Thanks for your reply Sebastian. I have ran the following commands in mysql and it appears the host table has crashed. Do you have any recommendations or suggestions on how to approach and repair this? Thanks.
@zaccx32 Oh well, that explains why you don’t see the hosts.
First check the available disk space as crashed tables are often caused by zero disk space. In the Linux command shell run:
df -h(if you need help reading the output, post a picture here)
If disk space is ok you go back to the mysql shell and run the query:
REPAIR TABLE hosts;(don’t forget to switch to the
fogdatabase first, see the queries I posted last). If that returns without an obvious error you can try the SELECT again.
We have checked the disk usage and as suspected it is at 99% although we dont know how or why. We cannot find anything that would be taking up that much space as our images only use approx 450Gb. Also, when trying to access the fog DB today, is cannot be found any more, almost like it is gone. Its almost like something keeps utilizing space over time and is getting worse with time. No idea what is happening!
Okay, we were able to find where all of the storage was being used. It was by images that were deleted within the GUI but were still saved on the server. Do we have to manually delete images on the backend in addition to the GUI? We had images from pre 2009 still saved in the directory. After cleaning that up, a few hosts showed up but most are still missing and our images are not showing up in the GUI either. Any other suggestions on how to get us back up and running? Thanks in advance!
@zaccx32 When you delete images from the imaging management page you MUST go into the image definition and delete them from there (in the image definition). If you delete them only from the image list then only the database entry is removed from the database and the raw image files are not touched. This is by design to keep people from accidentally removing the image record and raw files.
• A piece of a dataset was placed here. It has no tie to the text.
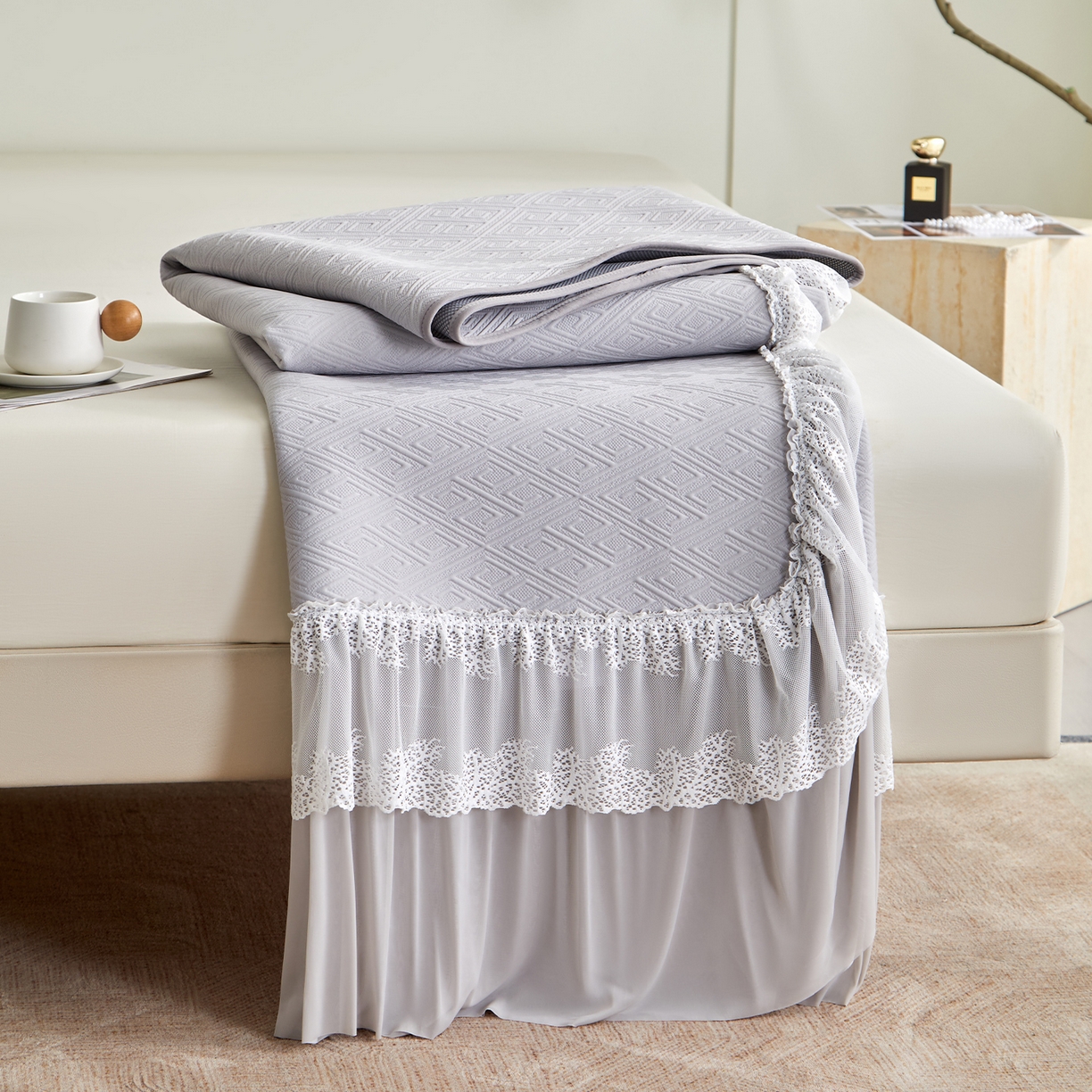 91家纺网 家纺一手货源 找家纺 航途席业 2026新款A类凉感豆豆床裙款凉席三件套-系列六 月灰回韵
If you have deleted the image definitions while in the list view you will need to manually go into the FOG server linux console and change to the /images directory and then remove the old image directories with this very powerful command
sudo rm -rf /images/<image_name>The -rf command switch is very powerful in that it will remove things without asking if you make the file path carelessly.
Another place to look is in the /images/dev directory. If there are any directories in there what look like mac addresses those can be removed as long as you don’t currently have a capture task underway. These files left over from the capture are botched image captures that can be delete.
After cleaning that up, a few hosts showed up but most are still missing and our images are not showing up in the GUI either.
While disk space is an important thing and 99% seems a lot in first sight, I don’t think this was causing the issue here. Why? Because we see you have a large disk with still 31 GB shown as free. I find it very strange that you see some hosts now. From the
SHOW DATABASES;output you posted I would have guessed the
fogDB is fully corrupted now and needs recovery (keeping my fingers crossed it’s still possible).
Also, when trying to access the fog DB today, is cannot be found any more, almost like it is gone.
Now we really need to figure out what’s going wrong with the DB. First of all let us take a look a the DB files on disk, the real basis:
ls -al /var/lib/mysql(post a picture here)
As well stop the DB and take a file backup. Then start it up again and check the log:
service mysqld stop cd /root mkdir backup rsync -av /var/lib/mysql backup service mysqld start tail -n 30 /var/log/my*
Post a picture of the output from the last command as well. I really hope I got all the commands right for your pretty dated CentOS 6.9 install.